2.2.3 Design Politics as the backbone of the methodologies and interactions

In the selection and application of the methodology, as well as the planning of interactions. The research process demands a constant reflection on where the participants, literature, resources, and conversations uphold. This by following closely Costanza-Chock’s Design Justice Network principles which try to activate design as a practice to empower communities, prioritize the analysis I interlace Keshavarz’s (2016, 2019) thinking on design being an inherently political activity (see section 2.1.4), with Healy’s call to acknowledge the critical role of politics in the design of sustainability transitions approach (see section 2.1.3).

2.2.4 A transdisciplinary (undisciplinary) engagement

As supported by the previous scholarly body of work (Johnston and Marwood, 2017; Moore et al., 2019;

Williams 2019), this research positions itself as an undisciplinary endeavor by aiming for the application of diverse epistemological perspectives, interests and disciplines to one common object of research. In a way, these explorations expand the paths for further investigation instead of attempting to converge in a pre-defined field. As mentioned on section 1.1 the research aims does not put emphasis on a product nor an specific type of solution as an outcome, rather it inclines to expand the critical approaches to processes and weave different knowledge into a research project.

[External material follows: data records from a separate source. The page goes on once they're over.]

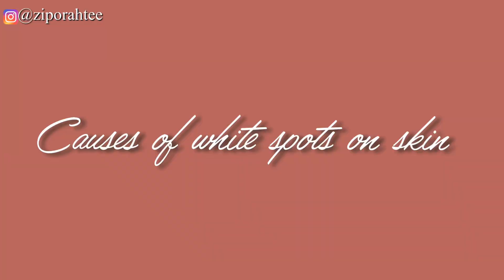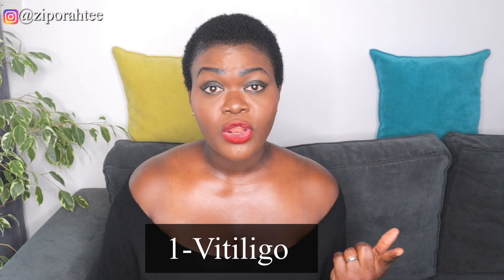In today's video I will give you remedies on how to clear away white spots on bleached skin, or white spots caused by skin bleaching, because most of us have white spots due to skin bleaching products. There are four causes of white spots. The first is vitiligo, which is the lack of a pigment called melanin in the skin.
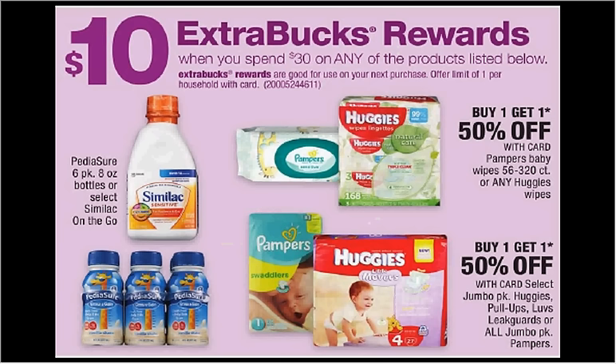When you spend $30 on select baby products, you'll get $10 back as an extra care buck. The Huggies jumbo packs are $12.49 — buy one, get one 50% off. If you get four of them and use four of the $2 off coupons from coupons.com, you'll need two computers to print four coupons. You'll pay $30 out of pocket, get the $10 back — it would be like getting each one for $4.87.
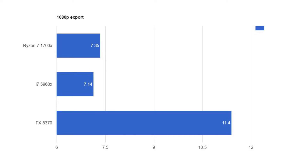I did two tests using Adobe Premiere. I exported one video in 1080p — the CES recap video. The 8370 took 11 minutes and 40 seconds, the i7 got 7 minutes and 14 seconds, and the Ryzen processor got 7 minutes and 35 seconds — just 19 seconds more for Ryzen. But that's a very small margin at around 7 and a half minutes, and it's still less than half the price.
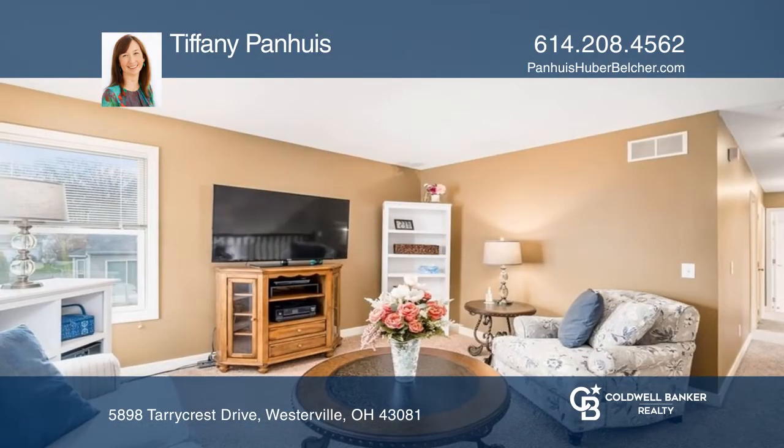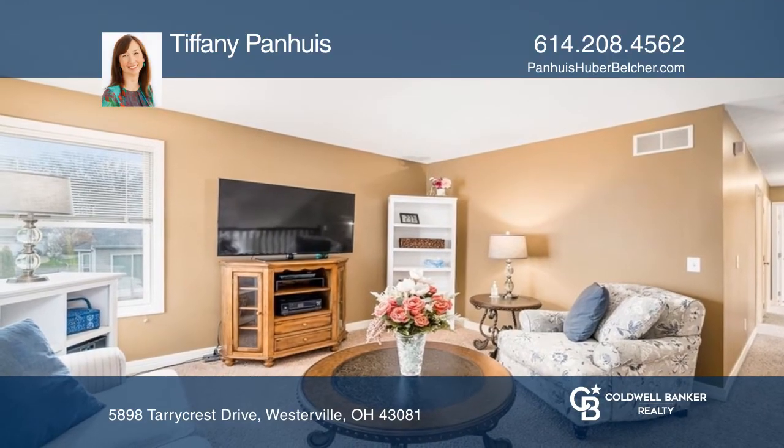Upstairs, you will find the bedrooms and a loft area. The yard is nicely landscaped and features a paver patio.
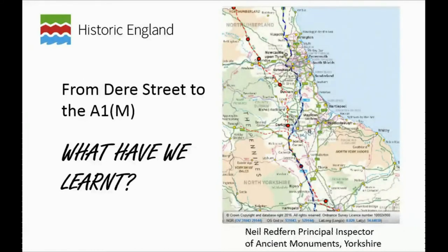I'm Neil Redfern, the Principal Inspector of Ancient Monuments for Historic England in Yorkshire. I have had the great good fortune — or deep misery — to be involved in the upgrade of the A1 for all of my 16 years with English Heritage Historic England in Yorkshire. I know this road very, very well.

In regards to how undisciplinary research manages and navigates the involvement of external participants through the research methodology (see further section 4), it follows the foundations of participatory research as an opportunity for community involvement with institutional agents, both collaborating with the same information and briefings with the opportunity for the community to take the lead (Johnston and Marwood, 2017). Also, these shifts discourses in participatory research from “community engagement” to

“community governance” especially since it allows for intersectional theories to unveil through the research process, therefore giving space to acknowledging “shared epistemologies” and uphold local knowledge in the same level as researchers and considered experts (Johnston and Marwood, 2017;

Williams, 2019).

3. Background

3.1 The acknowledgment of histories of coloniality in extractivism and the extractivist logic As Christina Sharpe addresses “​the legacies of colonialism and slavery that have traversed oceanic spaces and left residues of bodies, violence, and inequality that continue to cycle through the depths, surfacing and recirculating further material histories of these events​.” (2016).

Extractivism has been associated with colonial narratives, such as the extraction of the peripheries, marginalized people, from the core, meaning the central entities and benefactors of the economy. The foundations of extractivism were designed during imperial powers, through violence, theft and coercion.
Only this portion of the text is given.